[Python-3000] PEP for Metaclasses in Python 3000 (original) (raw)

Josiah Carlson jcarlson at uci.edu
Wed Mar 14 18:51:34 CET 2007


Jack Diederich <jackdied at jackdied.com> wrote: [snip]

I don't understand the keyword args other than 'metaclass.' If class D inherits from class C does it also get passed the 'Implements' keyword? If it does the same effect could be acheived by making a metaclass maker function and just using the metaclass keyword.

The keyword arguments to the class ( implements=(I1,I2) ) get passed as as the **kwargs in meta.prepare (..., **kwargs), as well as the **kwargs in meta.new(..., **kwargs) (though the metaclass= keyword is removed when calling meta.new ).

class C(metaclass=Implements(I1, I2)): ...

If D doesn't get the 'Implements' keyword then the one-off behavior would be easier to put in a class decorator than a metaclass. Keywords also strike me as hard to stack. If a class has two keywords defining unrelated behaviors the metaclass would have to be a library-like thing that understood both of them. Mixing metaclasses from two seperate metaclass libraries would be hard - no harder than it currently is but keywords will invite more use.

As you say, stacking metaclasses is already hard and this would make them no more difficult. Combining metaclasses is not a stated purpose of this particular PEP (at least according to my reading), so I don't see as how that is in any way a strike against it.

[snip]

is preferable to this

@seal @implements(I1, I2) class C(): ...

It's pre-creation vs. post-creation. As defined, decorators are applied after the class creation, whereas meta.prepare and meta.new occur before. Note that one of the driving use-cases for meta.prepare, which is called prior to meta.new, is to offer ordered dictionary availability for things like...
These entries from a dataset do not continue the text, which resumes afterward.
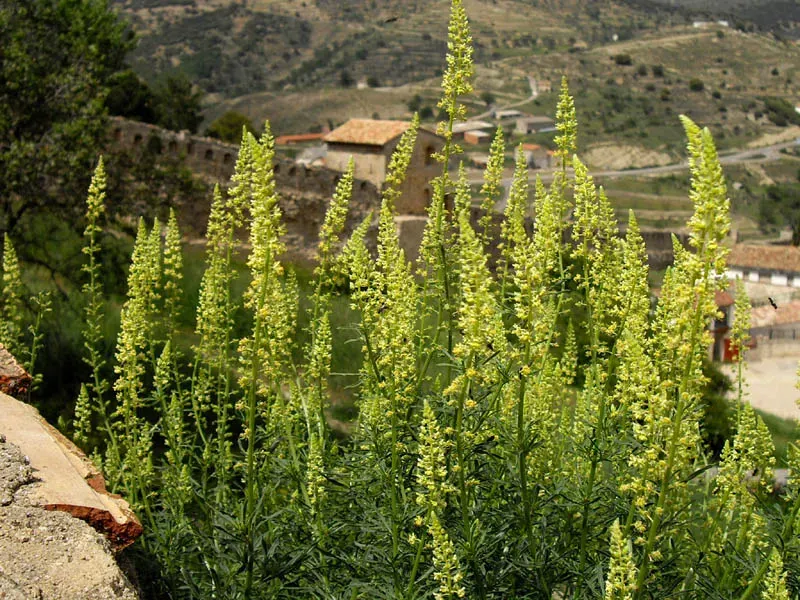 The Natural World Reseda luteola wouw zaden verfplant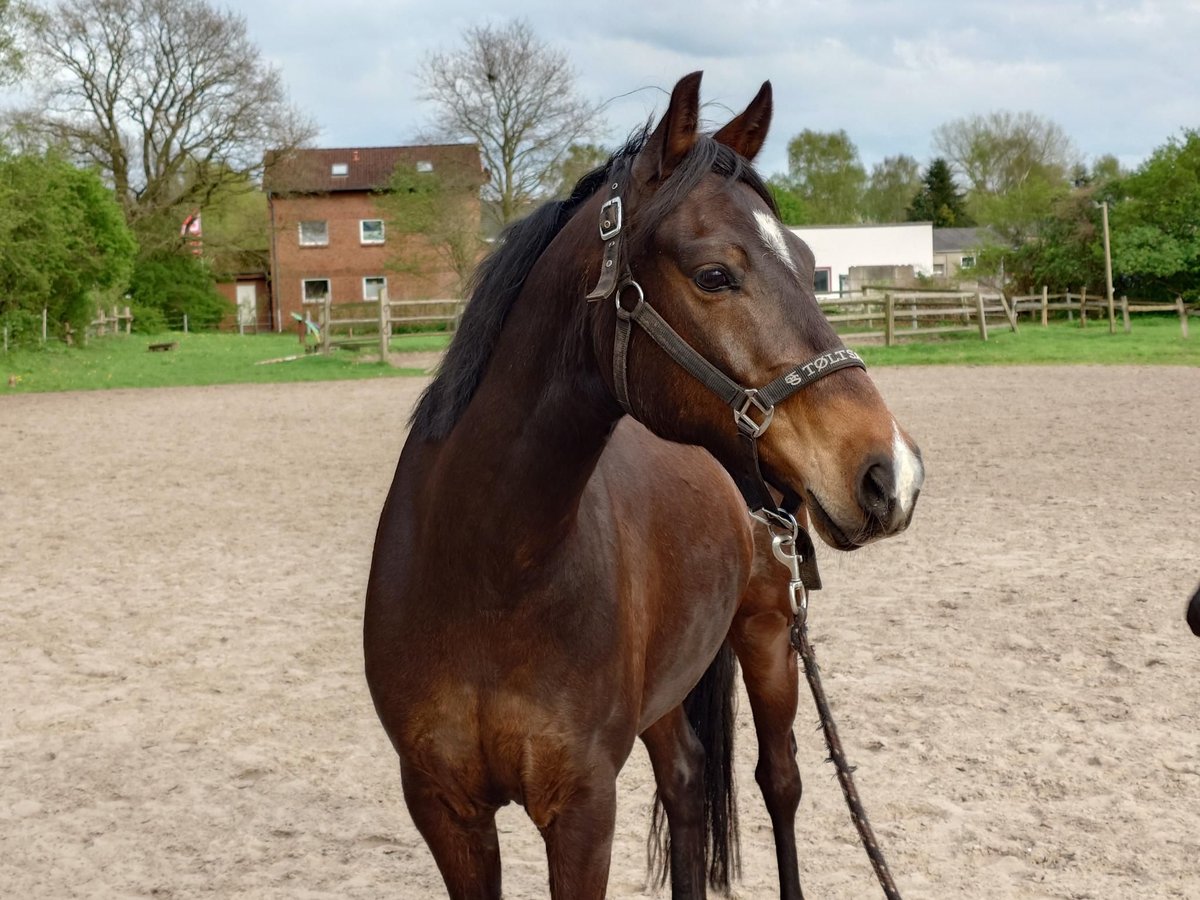 Poni alemán Caballo castrado 9 años 145 cm Morcillo in Horst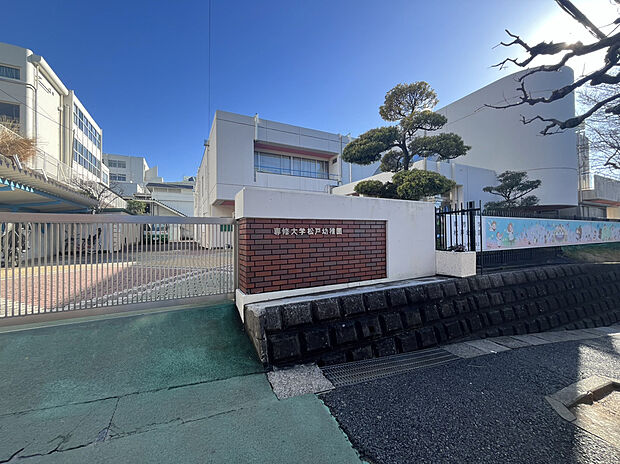 専修大学松戸幼稚園(約560m)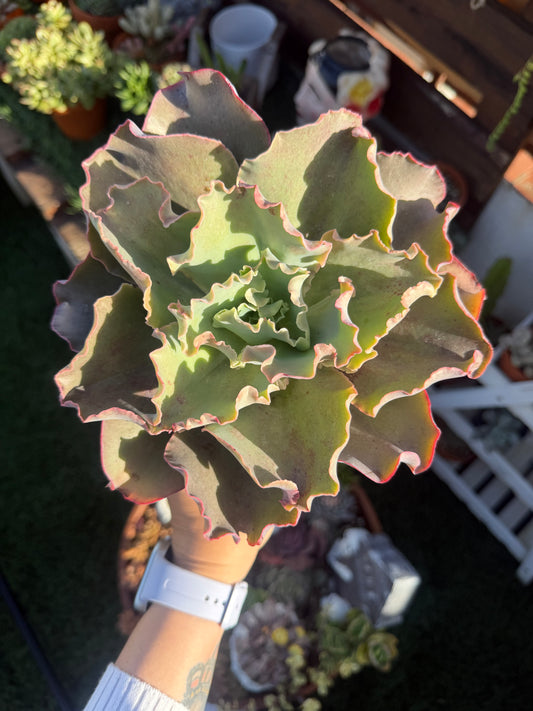 Echeveria Giant Blue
class mystruct(structbase):
    field1 = int4
    field2 = uint8

Or even...

class Contact(row):
    _if_not_exists_create = True
    firstname = text
    middlename = text
    lastname = text

The point of offering metaclass=meta is to make it unambiguous what the metaclass is going to be. As it stands, a user is free to do any of the following things.

class foo(object):
    a = 8
    __metaclass__ = True
    ...
    __metaclass__ = fcn(a, __metaclass__)
    ...
    del __metaclass__
    __metaclass__ = ...
    ...

However, because we need the metaclass to be able to call metaclass.prepare, and to discover the metaclass we would have to emulate the above, we get to a chicken and egg issue. So we pull them out of the body and define it in the class header.

or even this

class C(metaclass=metalibrary(sealed=True, implements=(I1, I2))): ...

If one is allowing metaclass=, I see no point in disallowing other keywords.